Get familiar with your fuel

You need to train your gut to tolerate adequate fuel and experiment to find a source that sits well. Start slow, adding in 30 grams of carbohydrate each hour during training runs which exceed 75 to 90 minutes. Add a gel, chew, or alternate source of fuel, starting 45 minutes into a run. Your pre run meal should carry you to this time marker and exogenous fuel can take it from there.
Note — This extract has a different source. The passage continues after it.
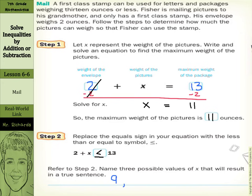Can I put 10 in? 2 plus 10 is 12, and 12 is less than or equal to 13. Can I put 12 in? 2 plus 12 is 14, and 14 is not less than or equal to 13, so it can't be 12. Let's try 11: 2 plus 11 is 13, and 13 is equal to 13, so it is less than or equal to 13, and that works. So 9, 10, and 11 work.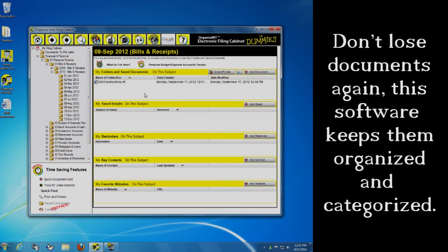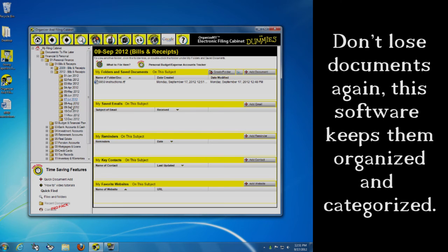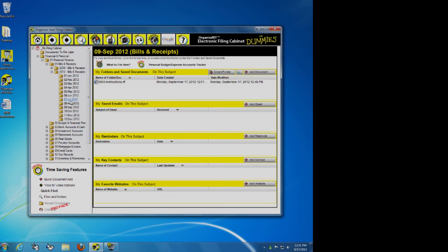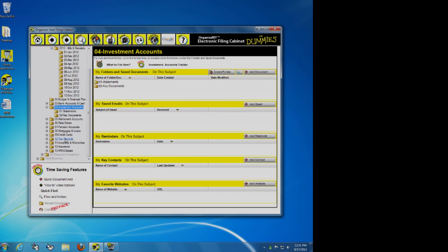It went ahead and saved it in that September folder as my instructions. It shows me the date modified. And now easily when I go ahead and I look again for it, I can see it sorted by the date. I can go in here. We've got investment accounts, real estates, tax records, insurance.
Whenever energy levels dip, add more fuel—but slowly! Start with an additional 10 grams of carbs each hour. Keep adding until you’re the runner who can finish the run with a smile on your face. And if your gut hints at discomfort, back off the fuel, divide it into smaller doses across the hour, or find an alternate source such as a different brand, a different form, or even a different mix of ingredients (such as glucose without fructose) the next time out.

Pair fuel with water

Remember: No matter the source of carb, you’ll need to dilute it with water. This practice reduces the concentration of carbohydrate to a level that allows it to be more readily absorbed. That means you want to always chase your gels, chews, or bars with water, not a sports drink.It may take some trial and error, but you can uncover optimal fueling. You can find the amount of carbohydrate that balances performance with comfort—a balance struck when you increase carbohydrate availability during exercise from the right sources and in the right amounts, ultimately minimising gastrointestinal distress and improving performance.